- **Work to be completed**: In your copy of the data, keep every word exact and include no pictures.

- **Given material**:
+===+

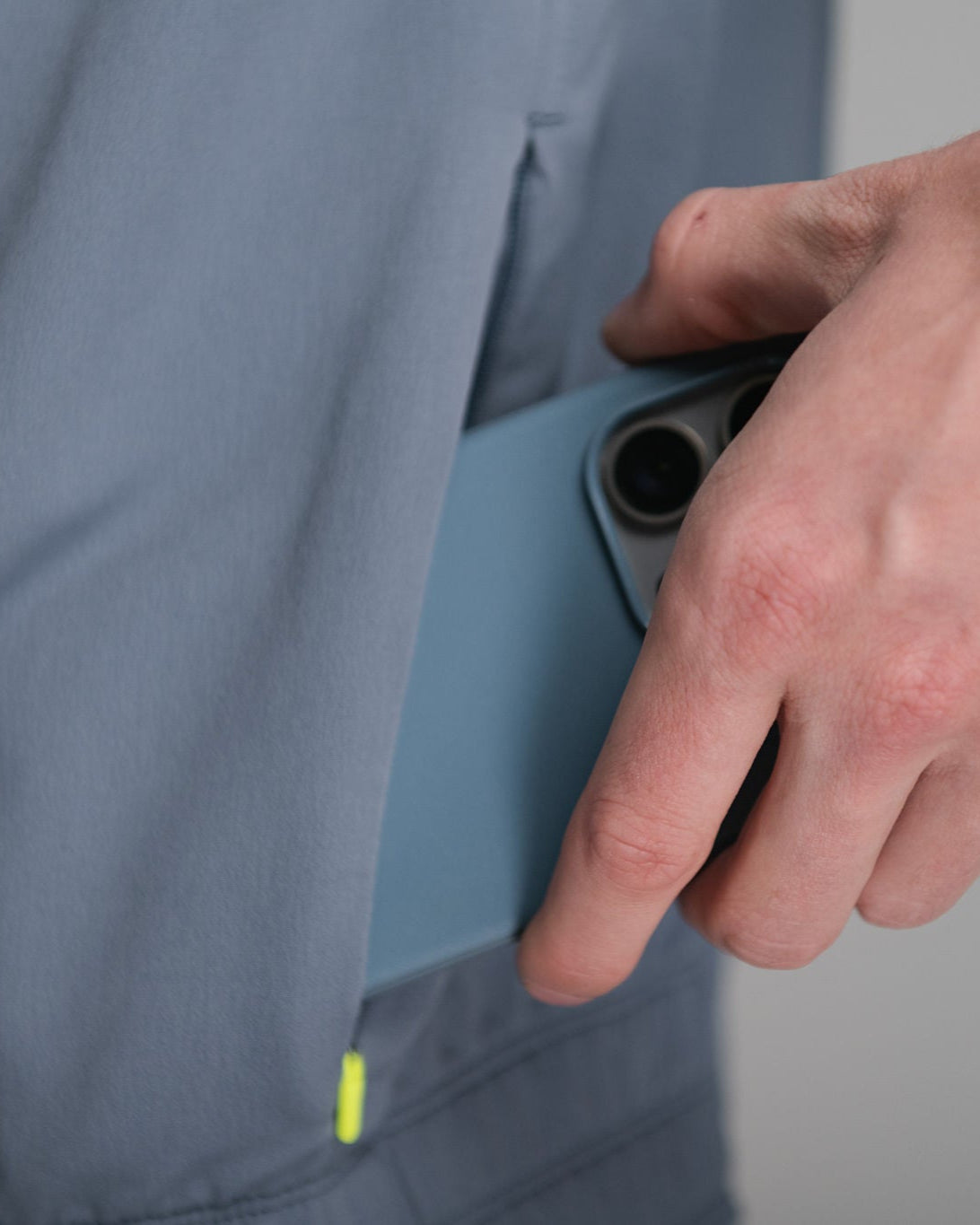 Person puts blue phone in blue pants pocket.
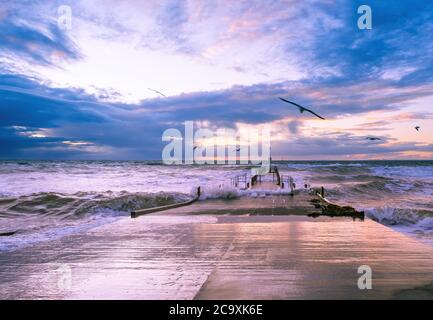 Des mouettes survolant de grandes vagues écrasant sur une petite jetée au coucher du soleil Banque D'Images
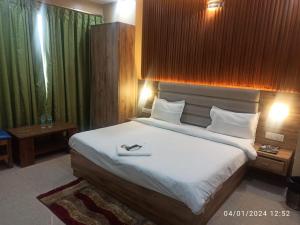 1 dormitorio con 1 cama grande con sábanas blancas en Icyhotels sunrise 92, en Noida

+===+

- **Worked solution**:
 Person puts blue phone in blue pants pocket.
 Des mouettes survolant de grandes vagues écrasant sur une petite jetée au coucher du soleil Banque D'Images
 1 dormitorio con 1 cama grande con sábanas blancas en Icyhotels sunrise 92, en Noida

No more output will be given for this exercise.